La parola “allegoria” (dal greco állos = altro, diverso e agoréuein = parlare) significa parlare d’altro.
In arte per allegoria si intende la raffigurazione
di idee,
vizi, virtù
o stati d’animo
attraverso delle persone ritratte in atteggiamenti diversi e accompagnate da oggetti-simbolo.
Anche
la letteratura fa ampio uso di un linguaggio metaforico che a volte si avvicina
o può corrispondere ad una allegoria.
Nel Medioevo, pervaso della cultura cristiana, l’espressione attraverso le allegorie era molto diffusa; l’intero poema di Dante è stato letto in chiave allegorica e lo stesso autore ci avverte, nel canto VIII del Purgatorio ai vv. 19-21 con queste parole:
“Aguzza
qui lettor, ben li occhi al vero
ché
‘l velo è ora ben tanto sottile,
certo che ‘l trapassar dentro è leggero”.
Nel
Convivio Dante aveva però distinto
tra allegoria dei poeti e allegoria
dei teologi e aggiungeva la distinzione dei “quattro sensi” o
significati delle scritture, intese come opere scritte, chiarendo che essi sono:
letterale, allegorico, morale e anagogico (o sovrasenso).

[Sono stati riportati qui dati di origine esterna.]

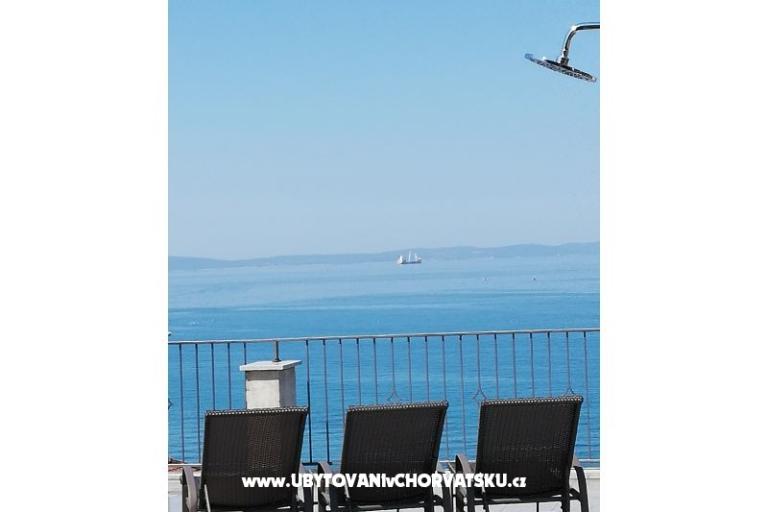 Appartements Plave oči  – foto 4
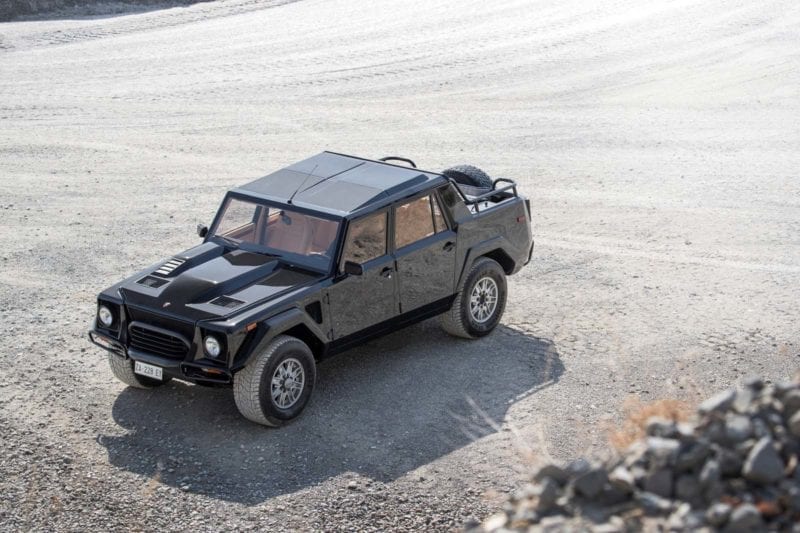 Lamborghini LM002__turboMAG__002
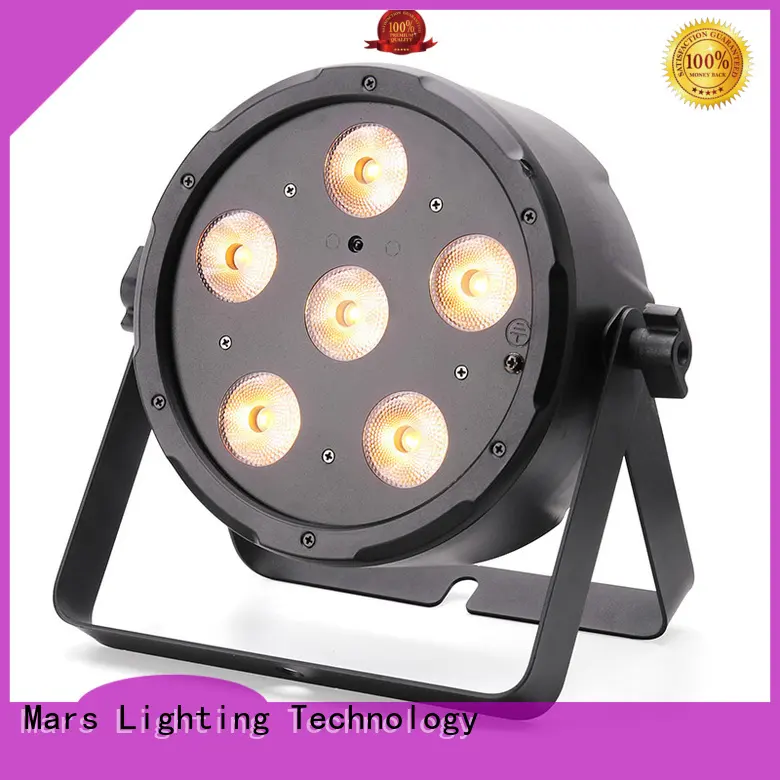 Marslite maximize disco laser lights customized for KTV 1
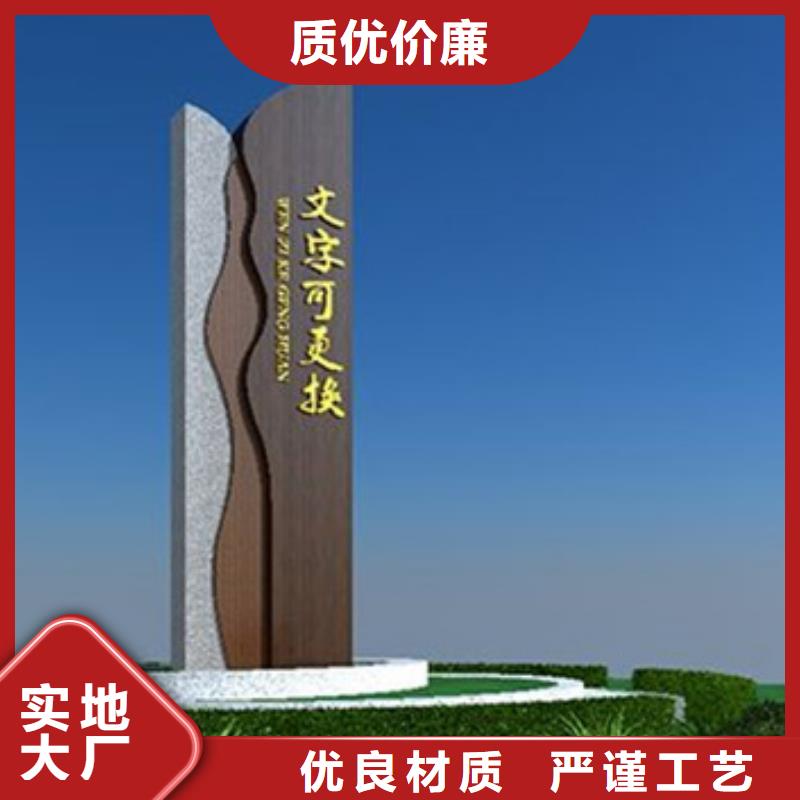 圆形灯杆灯箱视频-圆形灯杆灯箱_安徽省马鞍山市市场覆盖当涂|含山|合肥|淮北|芜湖|池州|亳州|六安等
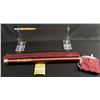 Image 1 : Hardy Angel Fly Fishing Rod 9' #6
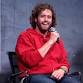 T.J. Miller event image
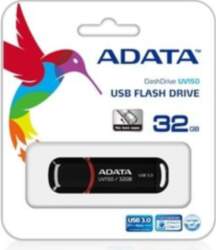 A-DATA A-Data ADATA | UV150 |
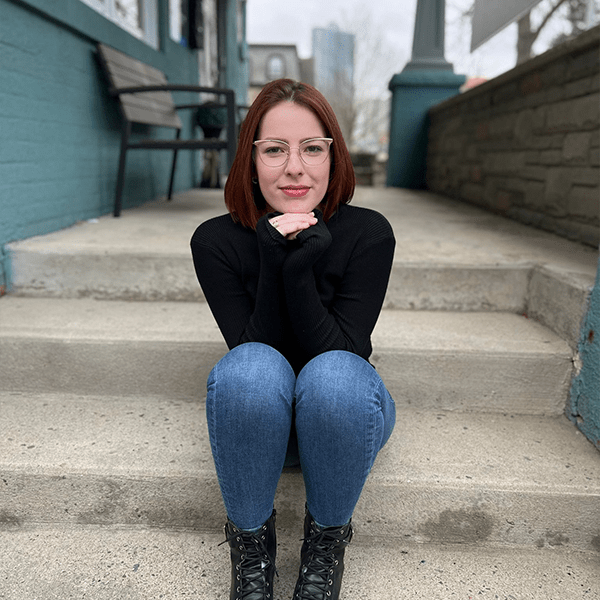 Find an Insurance Broker AllRisks Insurance Insurance Broker Near Me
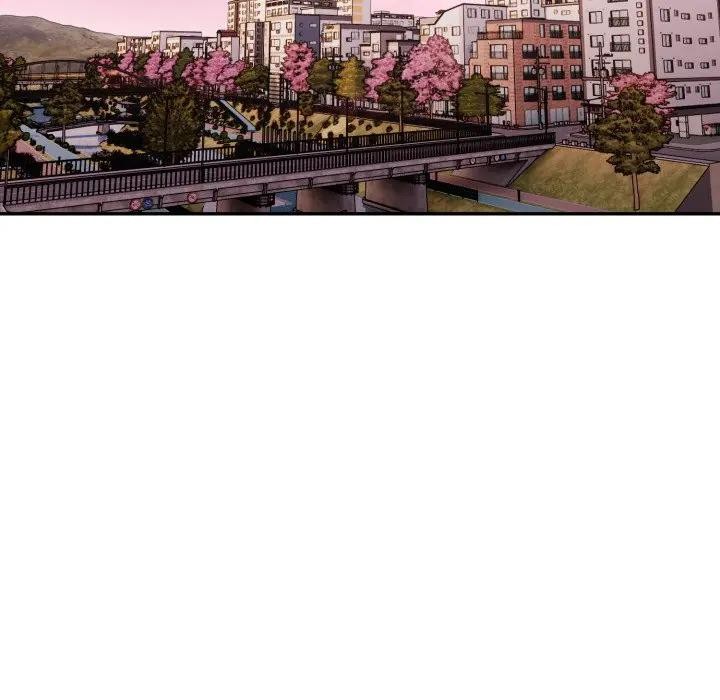 不顧一切愛上你第12話 第58頁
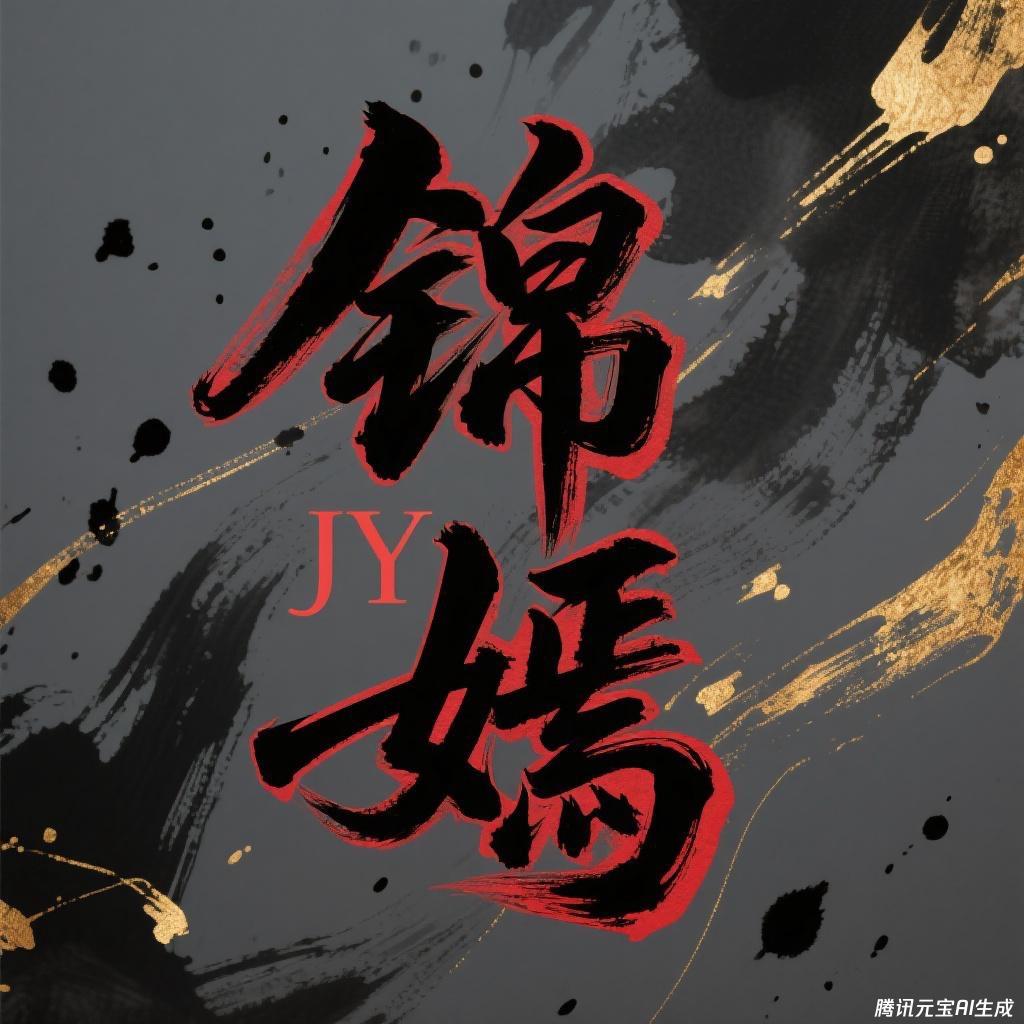 锦嫣服装设计公司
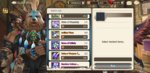 Screenshot_20200216-111747_King's Raid.jpg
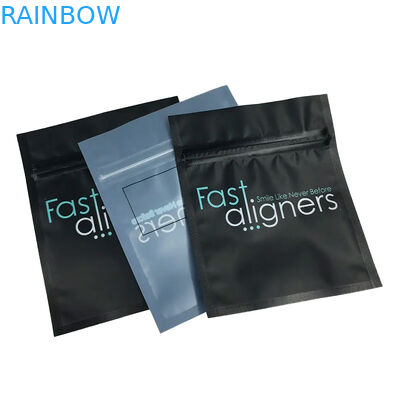 Özel sipariş kabul edilen ambalaj çözümleri için plastik ambalaj kaplamaları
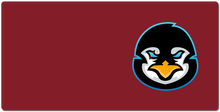 Penguino XXL Gaming Mousepad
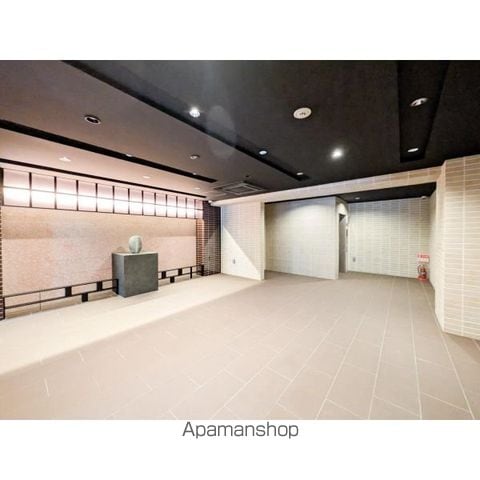 ALIVIS野田阪神のその他写真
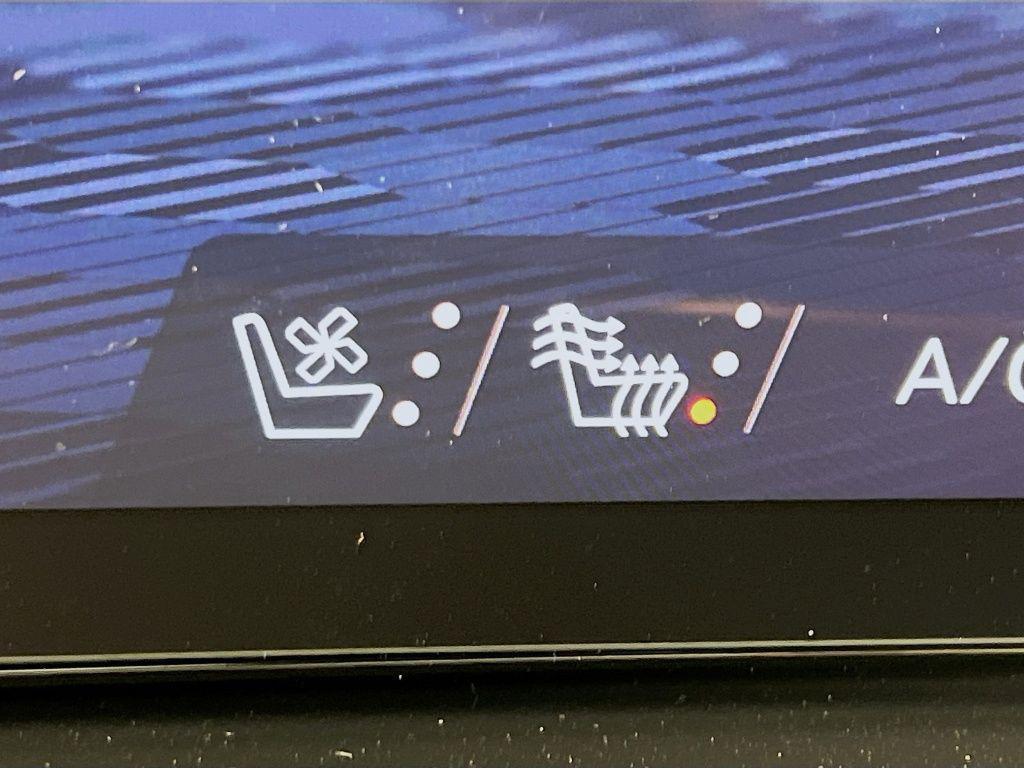 new 2026 Chevrolet Tahoe car, priced at $80,177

Tale suddivisione si
rifaceva alla celebre formula del distico di Agostino di Dacia (“Littera gesta
docet, quid credas allegoria,/ Moralis quid adas, quid credas anagogia): “Il
senso letterale mostra le cose avvenute, l’allegoria quello che devi credere,
il morale ciò che devi compiere, l’anagogico cio cui devi tendere”.
In
quest’ottica si può ritenere che Dante si sia riferito alla sua Comedia,
non intendendo comunque indurci a scoprire necessariamente in ogni punto tutti i
quattro livelli di interpretazione. Premesso, dunque, che nella lettura della
Divina Commedia non va mai dimenticato il suo valore poetico, possiamo
certamente accostarci ai versi danteschi con la curiosità di cogliere simboli e
allegorie.
Può
essere utile capire la distinzione tra simbolo e allegoria.
Il
SIMBOLO è di natura metaforica e fa parte della “lettera”: c’è un
rapporto immediato tra il suo significato letterale e quello traslato per cui la
comprensione diventa naturale, immediata.
L’ALLEGORIA invece non nasce da un legame naturale tra il dato sensitivo e l’idea; il suo significato è come “imposto a freddo da un’intenzione esterna” ed è perciò considerato un rapporto arbitrario e quindi di più difficile interpretazione.